→ **THE DATA**
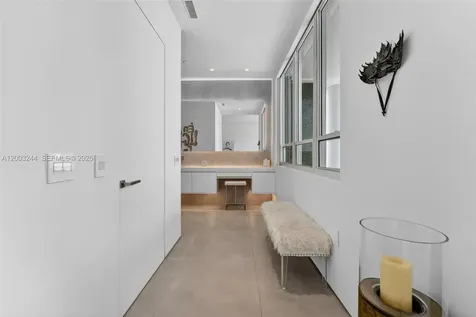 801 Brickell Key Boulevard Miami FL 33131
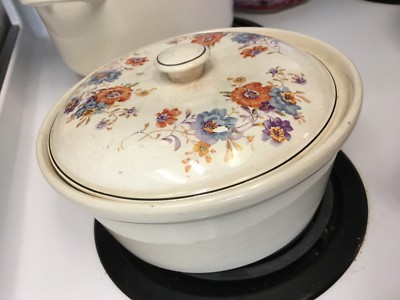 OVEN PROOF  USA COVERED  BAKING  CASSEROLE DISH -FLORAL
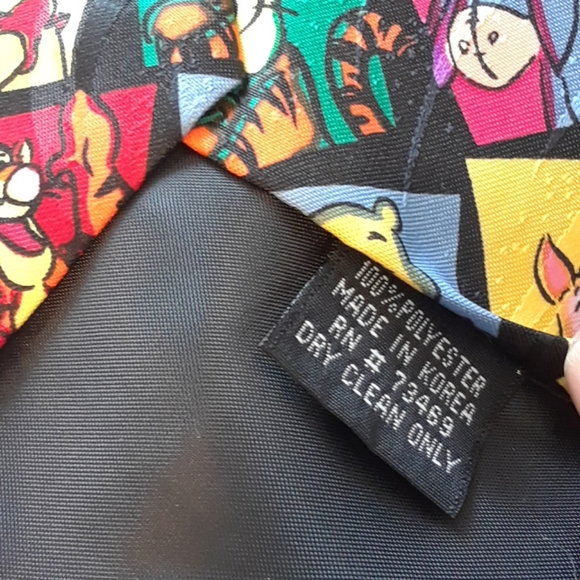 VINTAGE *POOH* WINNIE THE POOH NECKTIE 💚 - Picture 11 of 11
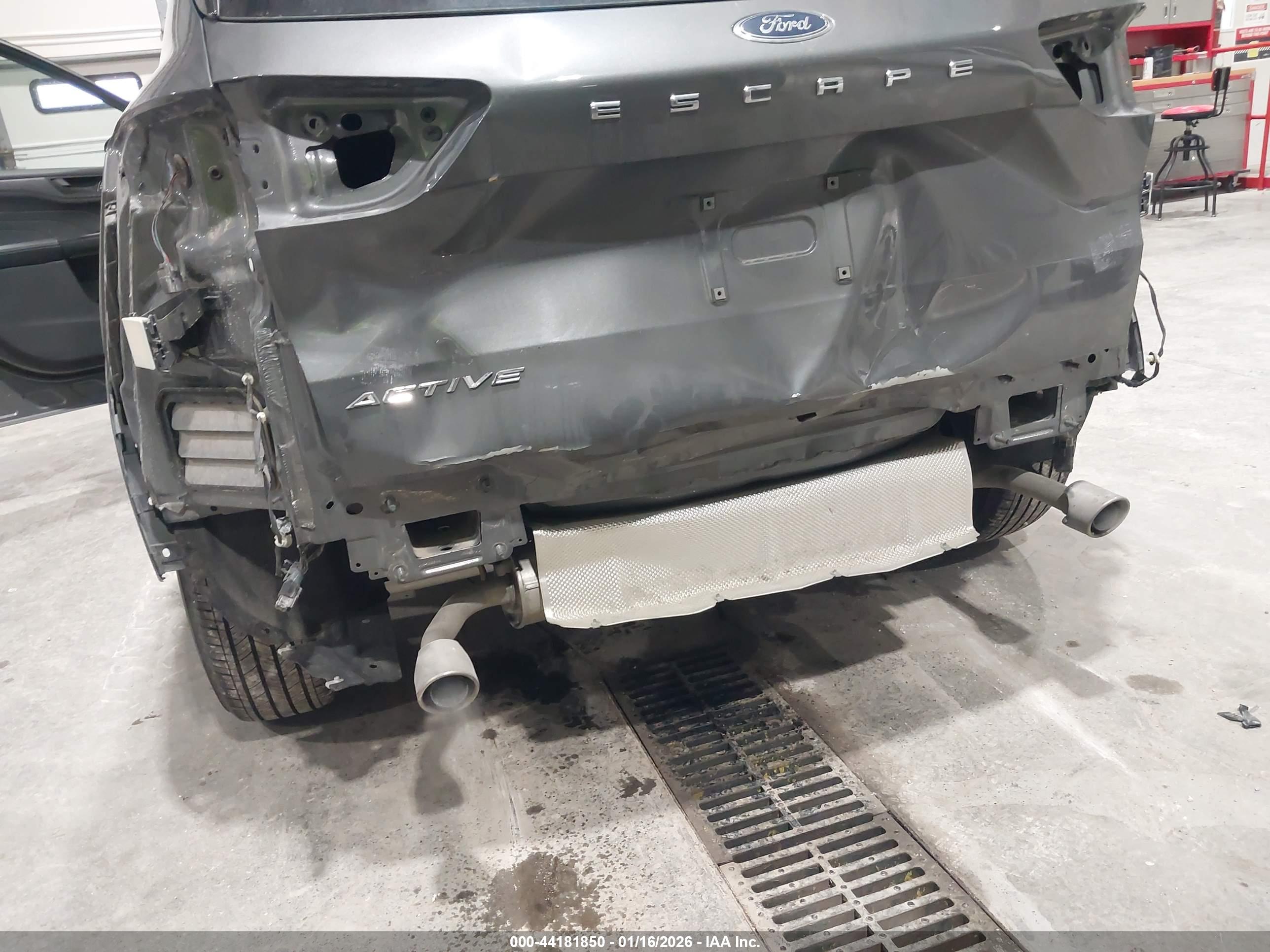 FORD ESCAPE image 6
---
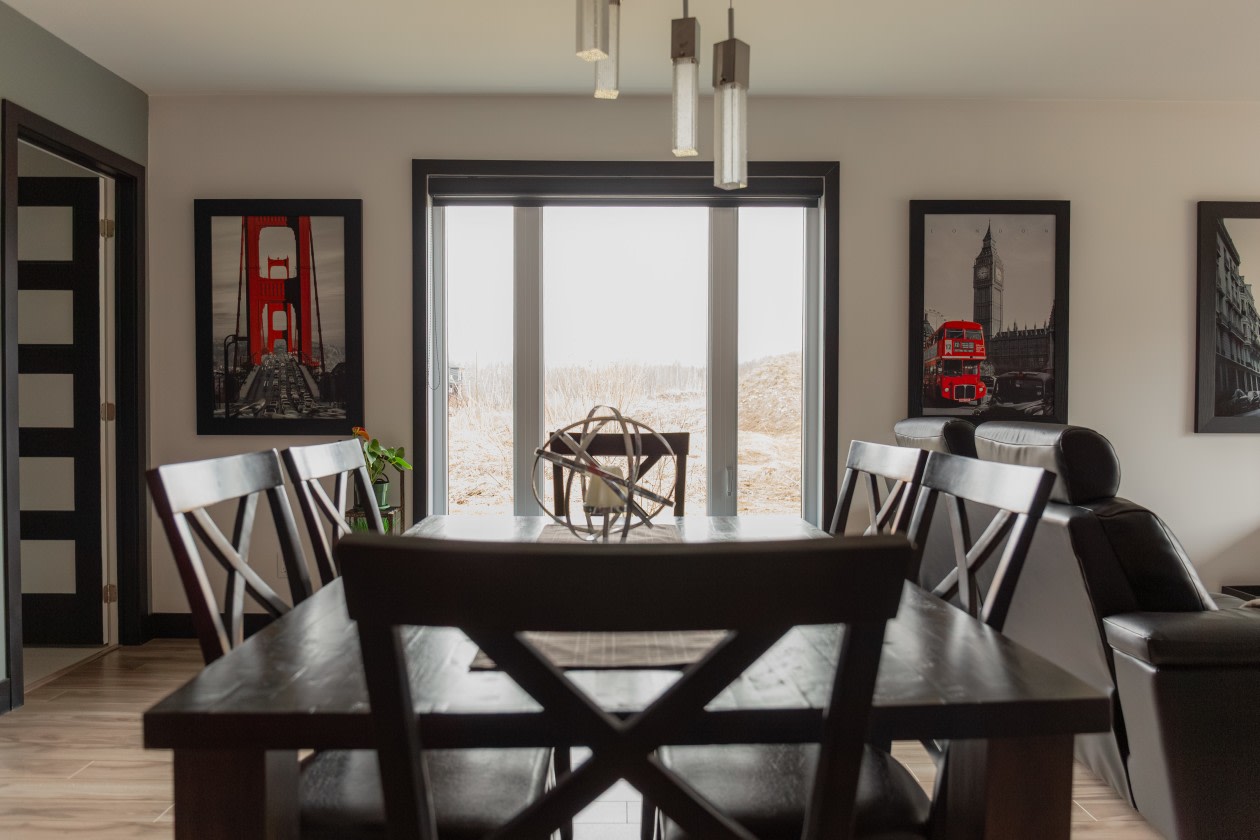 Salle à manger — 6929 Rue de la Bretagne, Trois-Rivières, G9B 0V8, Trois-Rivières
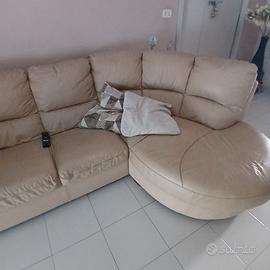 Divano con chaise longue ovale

→ **WHAT YOU HAVE TO DO**
Every line above in the stretch from the one with "801 Brickell Key Boulevard Miami FL 33131" through the one with "FORD ESCAPE image 6" is to be transcribed exactly, ends included. No picture is copied.

→ **TASK OUTPUT**
 801 Brickell Key Boulevard Miami FL 33131
 OVEN PROOF  USA COVERED  BAKING  CASSEROLE DISH -FLORAL
 VINTAGE *POOH* WINNIE THE POOH NECKTIE 💚 - Picture 11 of 11
 FORD ESCAPE image 6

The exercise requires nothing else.